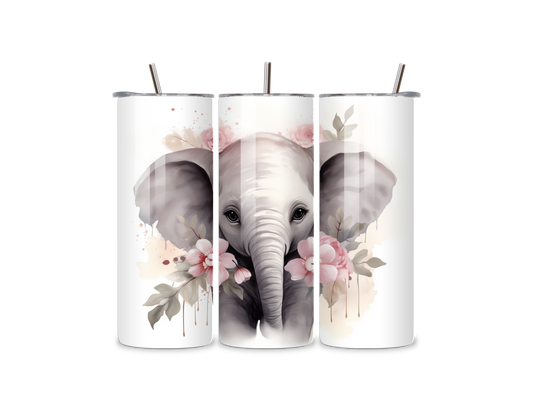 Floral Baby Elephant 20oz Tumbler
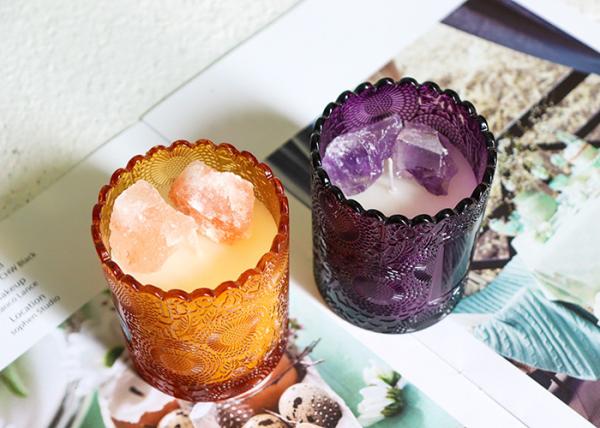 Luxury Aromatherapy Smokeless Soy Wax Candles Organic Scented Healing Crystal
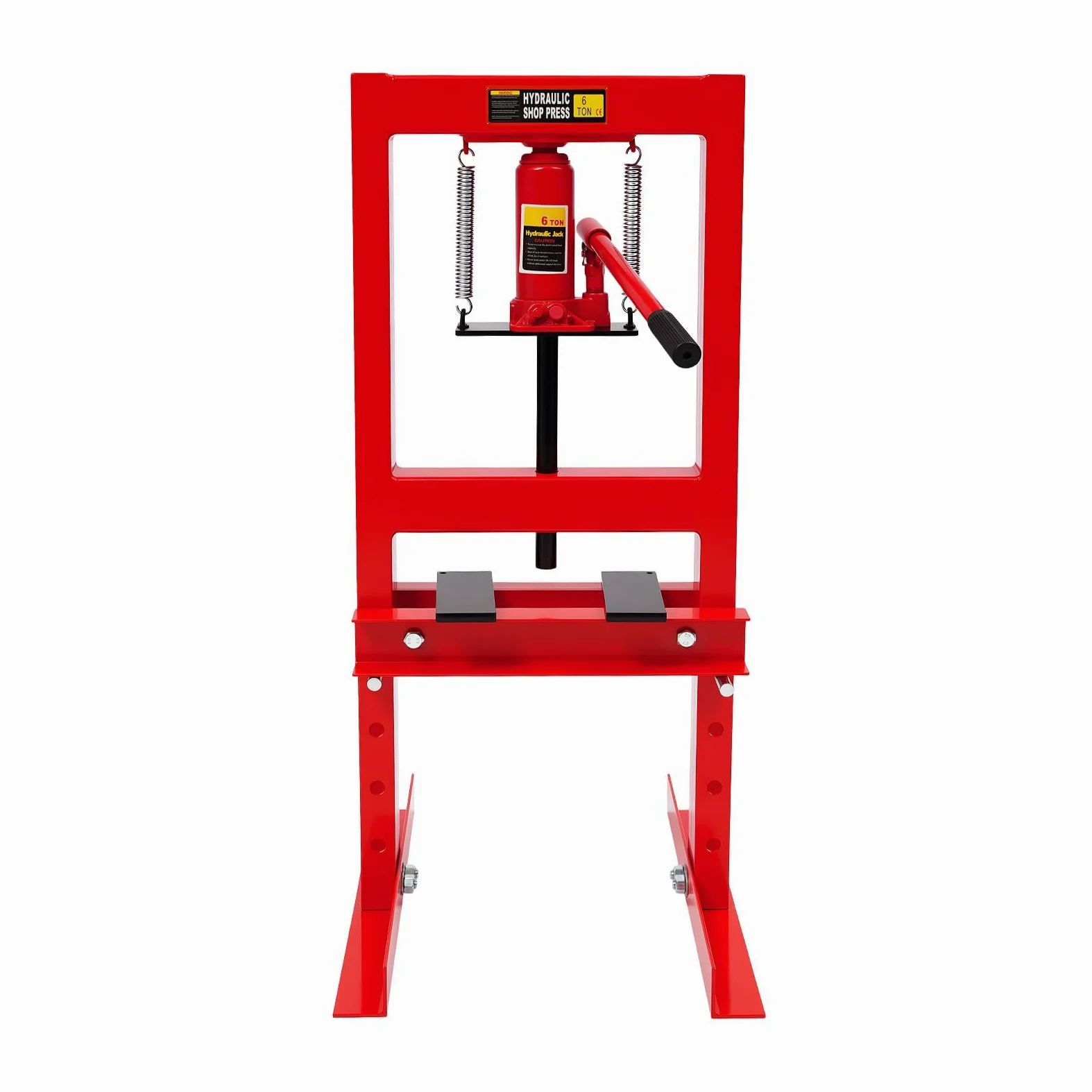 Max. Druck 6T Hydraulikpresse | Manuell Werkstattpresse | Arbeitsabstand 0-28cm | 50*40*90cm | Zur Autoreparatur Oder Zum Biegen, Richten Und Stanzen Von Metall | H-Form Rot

...

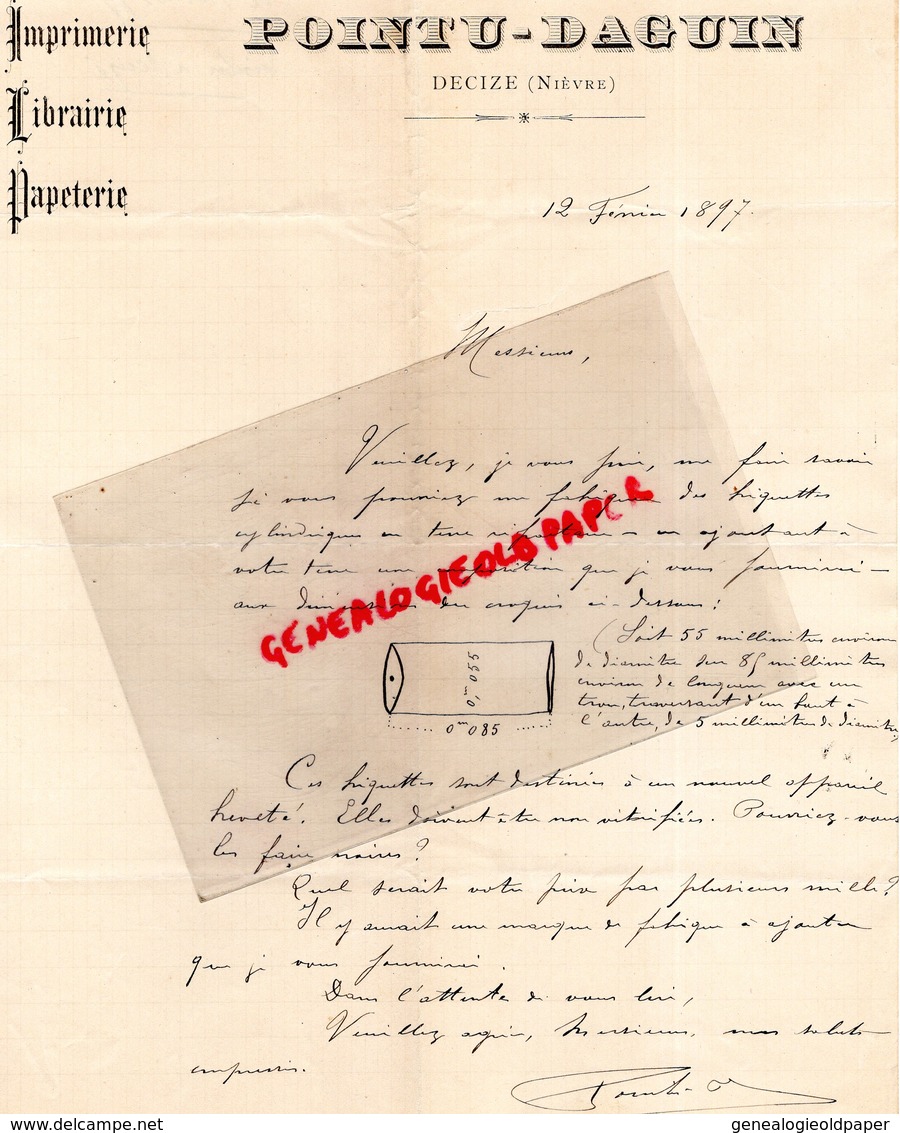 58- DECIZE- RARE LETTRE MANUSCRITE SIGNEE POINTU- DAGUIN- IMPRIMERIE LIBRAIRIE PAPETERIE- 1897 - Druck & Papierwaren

- _EXERCISE GOAL_:
From the material above, give again exactly the lines from the one that contains "Luxury Aromatherapy Smokeless" through the one that contains "Max. Druck 6T", and leave out the pictures.

- _COMPLETED TASK_:
 Luxury Aromatherapy Smokeless Soy Wax Candles Organic Scented Healing Crystal
 Max. Druck 6T Hydraulikpresse | Manuell Werkstattpresse | Arbeitsabstand 0-28cm | 50*40*90cm | Zur Autoreparatur Oder Zum Biegen, Richten Und Stanzen Von Metall | H-Form Rot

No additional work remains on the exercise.